For the weary troops of the Army of the Cumberland, there was precious little sleep to be had in the farm fields and cedar thickets northwest of Murfreesboro, Tennessee. For four days, the men had battled driving rain and ankle-deep mud as they groped their way southeast from Nashville in search of their Rebel opponents. By the evening of December 30, 1862, the Federals were miserably camped, many without tents, on sodden ground that offered little comfort from the cold night air.
Senior officers fared little better. Maj. Gen. Alexander McCook, commander of the army’s right wing, was curled up in the corner of a rail fence when he was abruptly wakened a little after 2 am by two of his subordinates, Brig. Gens. Phil Sheridan and Joshua Sill. The officers, former roommates at the U.S. Military Academy at West Point, were agitated; for several hours, Sill had listened as Confederate troops moved in the darkness across his front, heading, he was certain, to strike the army’s exposed flank.

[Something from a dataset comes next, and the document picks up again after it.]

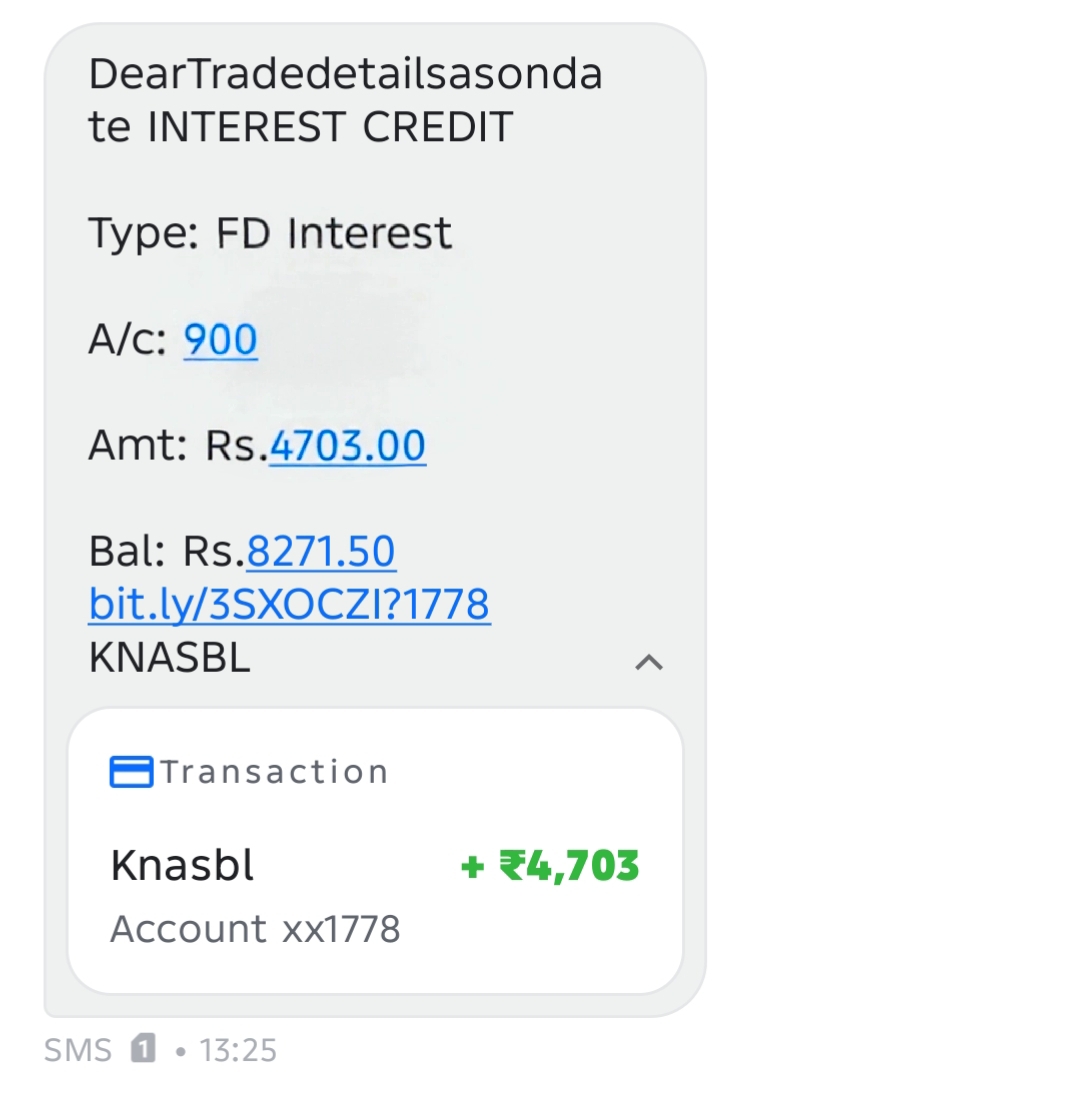 fraud messege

A bleary-eyed McCook listened for some time then enjoined Sheridan and Sill not to worry. The right flank would hold just fine, he announced, and he further doubted “that there was a necessity for any further dispositions.” While McCook fell back asleep, Sheridan and Sill, disappointed that they had gotten nowhere with the wing commander, returned to their troops. It was not the first time, literally or figuratively, that McCook had been caught napping.